We can't open issues or PR there, it is a read-only repo.


TBH given the state that the issue tracker on GH used to be in, I would understand if they never opened up the issue tracker to the general public again.

That issue tracker was a great way to lose faith in humanity, just from the sheer number of people who couldn't follow instructions to search for existing issues before opening new ones, or to provide all the answers the issue template asked for.


Sounds like something a bot could be set up to handle...

Duplicate stack trace? Close and link. Missing relevant info? Close.


Open source is bad enough. When open source meets the general public you can enjoy a nice disaster cake.


A neat way to solve this is with a team of bug triag-ers.

Get the developers to never look at a bug unless it has the "triaged' label. Then have trusted volunteers who read each bug, assist the bugreporters to get stack traces and whatever is necessary, dedup, and then finally apply the label.

It's a good task for people who have some technical expertise but aren't yet confident to be submitting their own PR's.


I'd like there to be a platform/plugin part where people host site patches and fixes and the user can integrate what they'd like. A decentralized approach.

It supports dozens of sites btw. That's what I'm specifically referring to.


I could see them hosting their own git instance in a country where DMCA requests are worth jack-shit.


Github MUST get it back. Otherwise this will initiate the potential collapse of their service


>this will initiate the potential collapse of their service

I, for one, heard a few too many times "this was the last straw" for every single privacy breach that happened in the past decade and resulted in no meaningful change for the better, so I find it hard to take this kind of statements seriously anymore. Is there any kind of basis that you'd like to provide for your speculation?


I don't think it's that.

I think it's because it's a stretch of the law and can then abused to block a LOT more.


The law wasn't stretched. From reading the DMCA and the fact that youtude-dl had examples of how to download copyrighted videos it seems that a DMCA was valid.

I still think it is bullshit (and so is DMCA) but that is how the law is written.


How many last straws is reddit up to now?


Why exactly? Gitlab will take down the repo due to DMCA all the same. (Along with any other US ran service, and even many European ones)

If you want to escape US law, feel free to use gitee.com located in China. Or, push your politicians to change the laws.

Microsoft has no way of overcoming the DMCA law themselves, other major companies have continued to lose lawsuits. It doesn't help that mega monopoly entities like Disney want it to stay taht way and will bribe politicians and others.

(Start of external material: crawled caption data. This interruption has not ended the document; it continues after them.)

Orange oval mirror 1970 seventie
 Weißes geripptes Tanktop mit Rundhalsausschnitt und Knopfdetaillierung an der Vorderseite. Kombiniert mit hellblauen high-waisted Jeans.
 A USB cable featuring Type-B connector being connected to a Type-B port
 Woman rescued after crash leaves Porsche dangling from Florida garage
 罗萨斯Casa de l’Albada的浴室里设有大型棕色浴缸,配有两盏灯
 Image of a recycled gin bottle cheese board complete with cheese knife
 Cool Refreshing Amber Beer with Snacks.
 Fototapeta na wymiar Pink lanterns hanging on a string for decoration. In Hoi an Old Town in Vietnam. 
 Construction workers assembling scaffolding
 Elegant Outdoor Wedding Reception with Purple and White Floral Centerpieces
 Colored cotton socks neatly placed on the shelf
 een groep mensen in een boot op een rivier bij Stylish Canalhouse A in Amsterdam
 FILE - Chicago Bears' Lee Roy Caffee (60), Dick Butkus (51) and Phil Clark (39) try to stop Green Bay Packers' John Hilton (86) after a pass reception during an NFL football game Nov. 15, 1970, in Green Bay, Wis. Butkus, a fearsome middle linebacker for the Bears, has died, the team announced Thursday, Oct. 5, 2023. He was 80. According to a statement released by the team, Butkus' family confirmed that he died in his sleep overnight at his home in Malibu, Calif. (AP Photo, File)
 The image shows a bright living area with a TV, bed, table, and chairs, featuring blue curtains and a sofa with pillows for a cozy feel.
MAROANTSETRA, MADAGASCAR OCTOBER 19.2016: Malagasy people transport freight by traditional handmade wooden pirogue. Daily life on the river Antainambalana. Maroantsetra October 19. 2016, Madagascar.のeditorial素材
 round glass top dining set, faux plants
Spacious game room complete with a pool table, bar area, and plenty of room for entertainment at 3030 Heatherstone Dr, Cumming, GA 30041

The DMCA should have no power to take down youtube-dl without a court order. The takedown section only applies to posting copyrighted material without permission, which youtube-dl was clearly not doing.

The ban on circumvention tools allows for a claim in civil court, during which a judge may restrict availability of the program.


>Microsoft has no way of overcoming the DMCA law themselves

...assuming the DMCA request was valid. Some commenters in earlier HN threads were arguing that it wasn't.


It already is for me. I preferred other hosts tbh, but i was using Github mainly because it was a popular resume-oriented host for the projects i'd like to advertise as such.

However given that i work on some P2P services that could be argued scrape and/or distribute, i'm heavily debating moving. A nice host for a potential employer to view is not worth being DMCA'd.

I hope this causes a lot of additional desire to decentralize these portions of the dev workflow stack. Potential solutions exist, but no one cares.. i hope we collectively start caring more, and adopting solutions.


> Otherwise this will initiate the potential collapse of their service

I think you are overestimating the amount of repositories that are affected by DMCA takedown threats (erroneous or legit).


I think they're not referring to number of repos affected. I think they're referring to the stain on GitHub's reputation as a reliable place to host open source projects (controversial or not).